20 Mayıs 2013 Pazartesi

SERMAYE HUZURU NEREDE BULUYOR?


Bu, sermayenin intiharının fotoğrafıdır!

 
Sermaye, çocuğu kurtarmayı değil, önce ondan ne kadar para kazanacağını düşünür.
 Böyle yaptığı içinde bu fotoğrafı çeken fotoğrafçı gibi kendi intiharını hazırlar.
 
 
 
 
SERMAYE HUZURU NEREDE BULUYOR?

 

 

Yusuf KÖSE

Bilinen bir gerçek var: Burjuvazi, deyim yerindeyse, varlığını huzursuzluğa borçludur. Bu huzursuzluk, kitlelerin sermayeye karşı olan huzursuzluğundan farkılı olanıdır. Ezilen kitlelerin kendilerini huzursuz edenleri huzursuz etme yerine, kendi kendilerini huzursuz etmeleridir.

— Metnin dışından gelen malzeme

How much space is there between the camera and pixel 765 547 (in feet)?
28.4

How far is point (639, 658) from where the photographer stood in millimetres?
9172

Emek-sermaye arasındaki çelişki temel bir huzursuzluk, daha çok da işçi ve emekçilerin burjvaziye karşı huzursuz olmasını sağlayan en önemli olgulardan birisidir. Burjuvazi, bunu bildiği için, emek-sermaye çelişkisini öteleyerek, kitleler içinde daha farklı çelişkiler –dinsel, mezhepsel, ulusal aidiyet vb.- yaratmaya çalışarak “böl ve yönet” politikasını uygular. Bunu yaratamadığı zaman, işçi sınıfının ve emekçilerin sınıf bilinciyle ve bu bilinçten doğan direnişlerle karşı karşıya kalır. Bu ise, tüm sermaye çevrelerin korkulu rüyasıdır. Onların tek korkusu; örgütlenmiş, az çok sınıf bilinciyle donanmış yığınların ayağa kalkmasıdır. Ve bu yığınları örgütleyen sınıf örgütleri ve esas olarak da kitlelerle kaynaşmış işçi sınıfının sınıf bilinciyle donanmış partileridir.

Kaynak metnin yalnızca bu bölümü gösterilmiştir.